The Arkazhy Monastery (Аркажский монастырь) was one of the most important monasteries of medieval Novgorod the Great. It stood about two miles south of the city and just west of the Yuriev Monastery. All that remains of it today is the Church of the Assumption of the Mother of God, which is visible on the road out to the Yuriev Monastery. The foundations of the medieval monastery were excavated by Soviet archaeologists in 1961.

The monastery was founded by and takes its name from Arkadii, who founded it in 1153 prior to his being elected bishop of Novgorod (1156–1165). He initially built a wooden church to the Assumption. This church was subsequently rebuilt in stone in 1188 by Simeon Dibakevits and was consecrated by Archbishop Gavriil (1186–1192) the following year. Other boyars, including several posadniks, helped add to the monastery over the centuries. In 1206, Posadnik Tverdislav Mikhailovich built the Church of Simeon Stylites over the gates of the monastery; in 1395, Isaak Onkifov had the Church of St. Michael the Archangel rebuilt in stone; it was overhauled in 1407 by Posadnik Yuri Dmitrievich and his cousin Yakov.

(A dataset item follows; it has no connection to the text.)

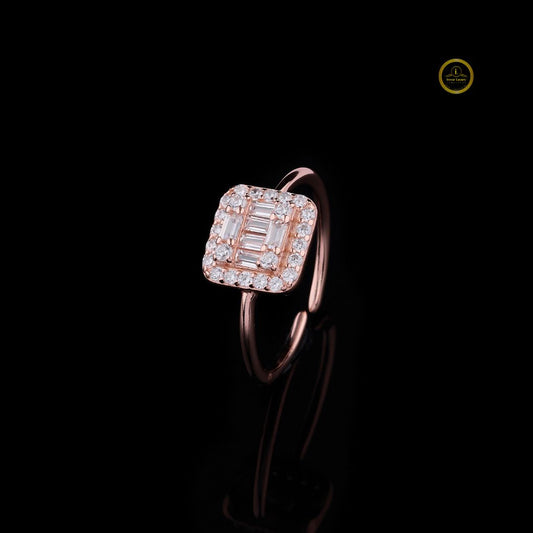 Baguette Halo Ring with Lab Diamond Rectangular Cluster Setting - view 2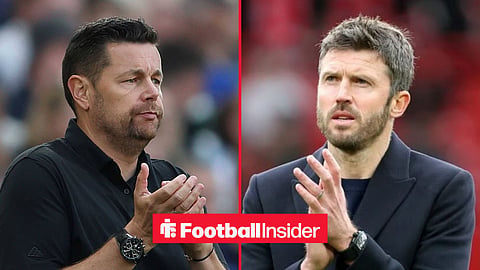 Pierre Sage and Michael Carrick on the sidelines at Crystal Palace and Man United respecitvely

In addition to patronizing the monastery, at least two posadniks, in fact a father and son, became monks there: in 1206, Posadnik Mikhailko was shorn in the schema, the highest level of Eastern Christian monasticism, in the Arkazhsky Monastery and died there, having taken the monastic name Mitrofan. In 1222, his son Tverdislav was also shorn a monk in the monastery after he had taken ill.